José Emilio Pacheco

Joaquín Hernández  Alvarado
Guayaquil, Ecuador

Hace pocas semanas murió intempestivamente en México D.F. José Emilio Pacheco. Los obituarios insistieron en sus compañeros de generación: sobre todo Carlos Monsiváis y Sergio Pitol y también de alguna manera Salvador Elizondo y Elena Poniatowska. Discutible, el concepto de generación, por lo menos en lo que se refiere a Pacheco, Monsiváis y Pitol, fue el nombre de una nueva sensibilidad: el cosmopolitismo asumido como destino por una parte y por otra, la pasión por lo irrecuperable de la vida: los arribos y salidas en que consiste la existencia humana y por lo mismo la pasión casi maniática por todas las posibilidades que cada uno despliega y las cosas que tienen que ver con ellas. Octavio Paz decía en una ya perdida Antología de la poesía mexicana que el signo de Pacheco era el Lago: aquello que contempla, recibe, reflexiona.
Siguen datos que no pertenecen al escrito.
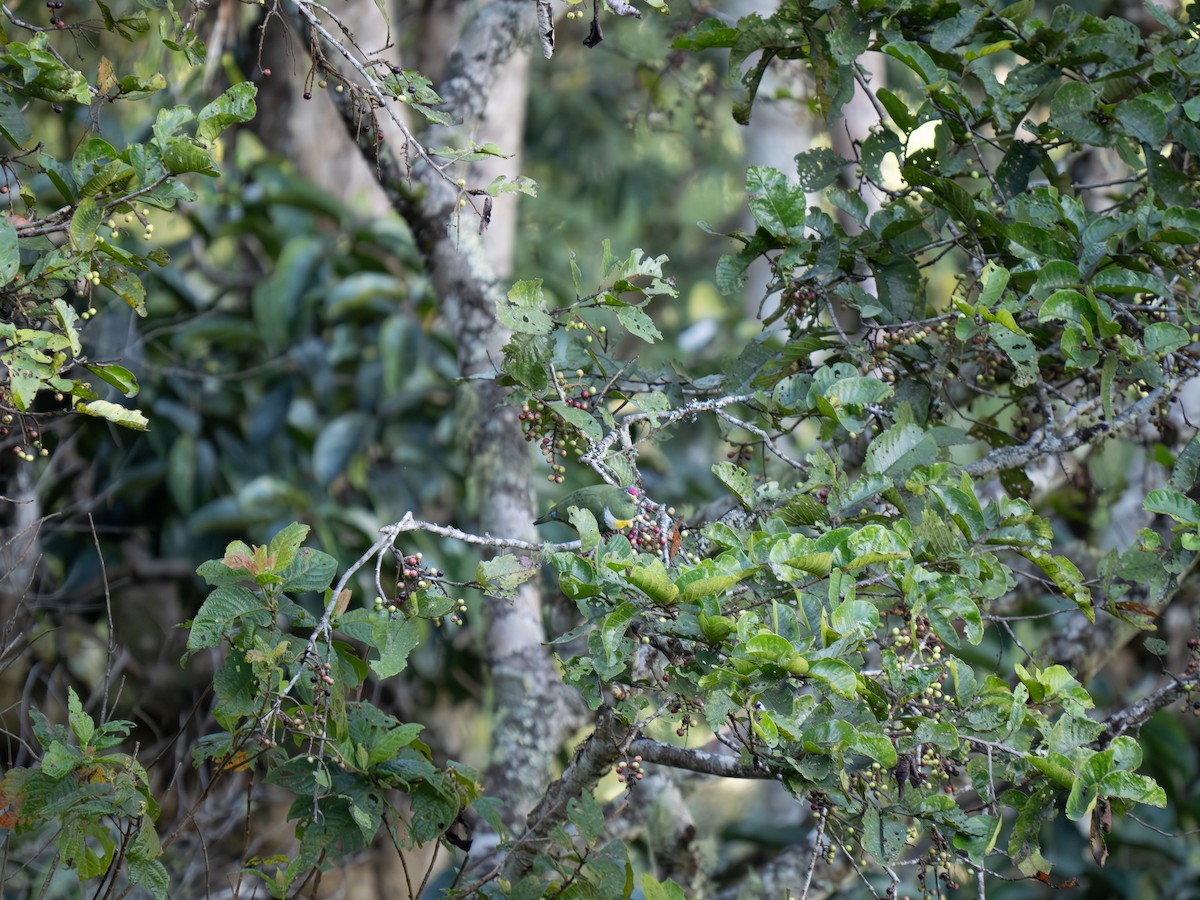 White-breasted Fruit-Dove - ML626866695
Para añadir que este “Lago”, –la receptividad– estaba cruzada por un temperamento crítico. ¿Lo estático entonces  como condición de la prosodia, según resumiría posteriormente Christopher Domínguez la narrativa de Pacheco?

Poeta, novelista, ensayista, periodista literario, traductor de literatura latina e inglesa (hay que recordar necesariamente su versión de los “Cuatro cuartetos” de Eliot) el cosmopolitismo no fue para Pacheco motivo de ínfula de ser uno más de los que escriben desde el Café de Flore o el abrazo de despedida necesario para salir del provincianismo ingenuo.

Cosmopolitismo fue la constatación melancólica y hasta sombría de no estar nunca en ninguna parte, siempre entre incesantes arribos y llegadas, pérdidas y hallazgos por tanto, como el de su poema en el aeropuerto de Heathrow en Londres: “Pero todo se esfuma en el nunca más. /–‘Nunca más la verás’–,/ Dicen, Arrivals and Departures,/ las quijotescas pantallas”. Para el poeta, irónicamente, esas frías pantallas del aeropuerto no eran sino la rememoración de la sentencia cervantina: “No la has de ver en todos los días de tu vida”.

Los obituarios dicen además que José Emilio Pacheco fue un hombre sencillo y modesto, ajeno a la pose de los presuntos creadores que creen irrumpir en el universo literario. Su poema “Carta a George B. Moore en defensa del anonimato” es una reivindicación del azar y de la abolición del tiempo: “No sé por qué escribimos, querido George. / Y a veces me pregunto por qué más tarde/ publicamos lo escrito. Es decir, lanzamos/ una botella al mar, harto y repleto/ de basura y botellas con mensajes. / Nunca sabremos/ a quién ni adónde la llevarán las mareas./ Lo más probable/ es que sucumba en la tempestad y en el abismo”.

Ganador del Premio Cervantes y de otra infinidad de distinciones más, doctorados honoris causa y múltiples membresías académicas, Pacheco decidió que sus cenizas fueran esparcidas en Veracruz. “El mar no tiene dioses porque el mar/es más vasto y antiguo que la tierra”, escribió en homenaje a Propercio. “Pensábamos vivir toda la vida” decía su esposa Cristina en el homenaje póstumo. Se cayó entre sus libros después de mandar su última columna “Inventario”.